FlinkSQL performance guide
Deployment configuration optimization
Optimize resource configurations
Ververica Cloud limits the actual usage size of CPU cores of JobManager and TaskManager, and only allows the maximum number of CPUs configured to be used. Therefore, when optimizing resources, it is recommended that you make the following changes to a deployment:
-
When job parallelism is large: you can edit the deployment's resources to increase the CPU cores and memory size used by the JobManager. For example:
- Set JobManager CPUs to 4.
- Set JobManager Memory to 8 GiB.
-
When the topology is complex: you can edit the deployment's resources to increase the CPU cores and memory size used by the TaskManager. For example:
- Set TaskManager CPUs to 2.
- Set TaskManager Memory to 4 GiB.
-
It is not recommended to modify taskmanager.numberOfTaskSlots, keep the default value of 1.
You make the above changes in the Deployments module. Select the deployment and click to Edit the Resources section of the Configuration tab.
Recommend configuration to improve throughput and address data skew
Add the following code to the Additional Configuration section on the Advanced tab. For more information, see Optimize Group Aggregate.
execution.checkpointing.interval: 180s
state.backend: com.ververica.flink.statebackend.GeminiStateBackendFactory
table.exec.state.ttl: 129600000
table.exec.mini-batch.enabled: true
table.exec.mini-batch.allow-latency: 5s
table.optimizer.distinct-agg.split.enabled: true
env.java.opts.taskmanager: -Xms4096m -XX:+UseParNewGC -XX:+UseCMSInitiatingOccupancyOnly -XX:CMSInitiatingOccupancyFraction=70 -verbose:gc -XX:+HeapDumpOnOutOfMemoryError -XX:+UseConcMarkSweepGC -XX:+UseCMSCompactAtFullCollection -XX:CMSMaxAbortablePrecleanTime=1000 -XX:+CMSClassUnloadingEnabled -XX:+PrintGCDetails -XX:+PrintGCDateStamps -XX:SurvivorRatio=5 -XX:ParallelGCThreads=4
You make the above changes in the Deployments module. Select the deployment and click to Edit the Parameters section of the Configuration tab.

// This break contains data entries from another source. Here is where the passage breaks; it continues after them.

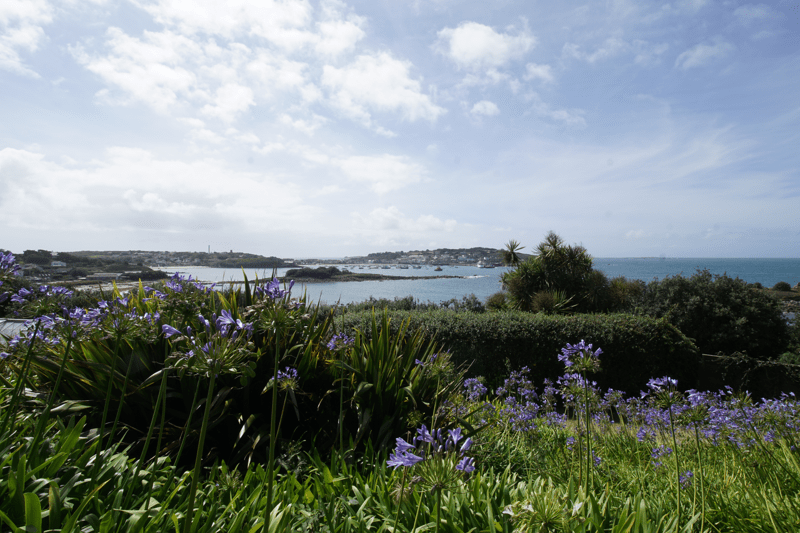 Operations Technician image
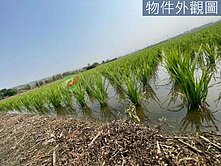 低總價免稅龍井都計內農地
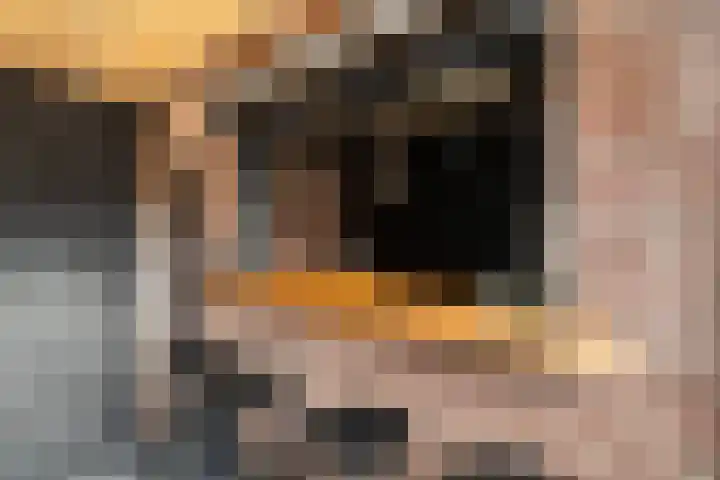 Veenmos 7 Nieuwerkerk aan den IJssel thumbnail 22
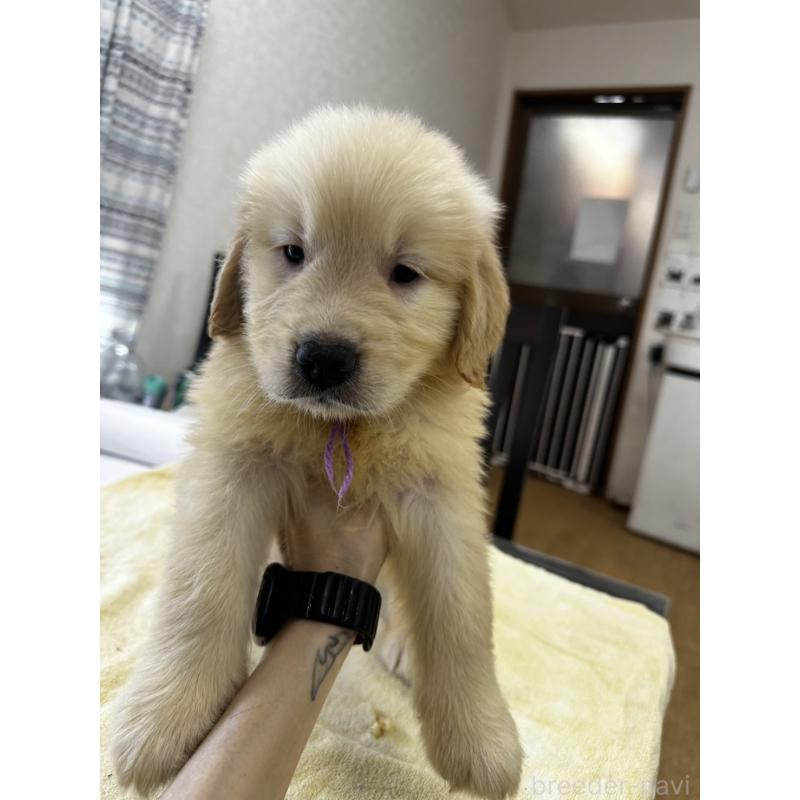 販売中の千葉県のゴールデンレトリーバー-402606の4枚目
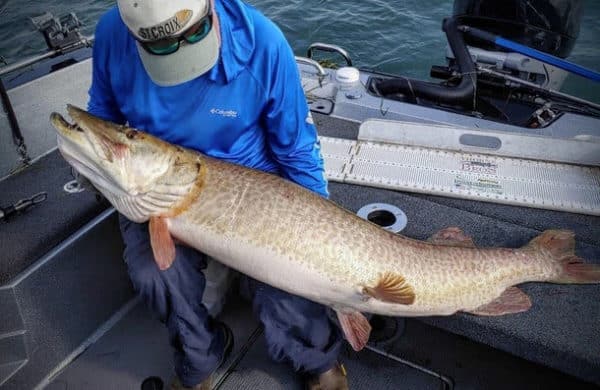 Big Announcement – New Musky-Specific Rods – Enormous Ice 'skie – Musky  Insider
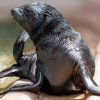Mamut (South African Fur Seal)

The following table describes the parameters.
Parameter | Description |
---|---|
execution.checkpointing.interval | The checkpoint interval, in milliseconds. |
state.backend | The configuration of the state backend. |
table.exec.state.ttl | The time-to-live of state data, in milliseconds. |
table.exec.mini-batch.enabled | Specifies whether to enable miniBatch optimization. |
table.exec.mini-batch.allow-latency | The interval at which data is collected and executed and executed in batches. |
table.optimizer.distinct-agg.split.enabled | Whether to split distinct aggregation (e.g. COUNT(DISTINCT col)) into two level aggregations. This optimization is very useful when there is data skew in distinct aggregation and gives the ability to scale up the job. Default is false. |
env.java.opts.taskmanager | Java options to start the JVM of the TaskManager with. |
Improve the performance configuration of the Streaming Join
The Streaming Join operator supports automatic inference and enables state key-value (KV) separation optimization in Ververica Cloud. After enabling state KV separation optimization, it can significantly improve the performance of Streaming Join jobs. The performance test results in typical scenarios show that the performance is improved by more than 40%.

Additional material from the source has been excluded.